Mrs. Noah thought of her husband as the dreamer of the family. She was the one who saw to the details of their life. She was the one who made sure that the goats were tended to and the cheese was made, the seed crops laid by each harvest, and the roof weatherproofed before winter came. She organized her daughters-in-law to spin and weave and keep them all in clothes. She made sure each son had his own plot of land to tend, and his own duties to keep the place humming.

Now, thought Mrs. Noah, at the stage in life when all she really wanted was the comfort of her own home, now her husband comes up with this idea that they were all going to have to live on a ship for who knew how long with a bunch of unruly and no doubt smelly animals.

Well, if that was their fate, so be it, she thought. She respected Noah’s vision. Howsomever! She would have something to say about keeping the Ark clean and tidy and well running, or her name was not Mrs. Noah.

Noah found himself tumbling through a hundred feelings each day. He felt grateful that he and his family would be spared from the terrible flood that was coming. He felt sad for everyone to be left behind. He felt honored that he had been chosen to save the animals. He worried about finishing the Ark, getting the animals aboard in time, and making sure they had enough supplies to last them all their days afloat. At the top of his list of worries, though he would never admit this to Tovi, was the fear that he was going to be seasick for the whole long voyage.

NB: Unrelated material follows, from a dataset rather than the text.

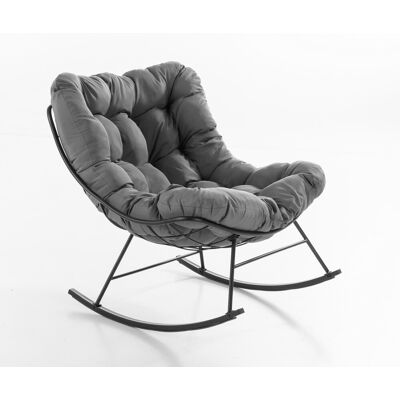 Prestige Home Living Outdoor Schaukelstuhl aus Stahl mit Kissen, ca. 68 x 84 x 100 cm - Anthrazit Prestige Home Living Outdoor Schaukelstuhl aus Stahl mit Kissen, ca. 68 x 84 x 100 cm - Anthrazit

Finally, with Tovi as chief shipbuilder and nag, they finished the Ark on a hot bright day under an aquamarine sky. They all felt proud. It was a very impressive ship. No matter how odd it seemed to have built a seagoing vessel so far from water, the whole family gathered around and cheered.

Tovi perched on Noah’s shoulder, gazing up at the Ark. He was thinking back to the day when Noah learned that the whole course of the world was about to change forever.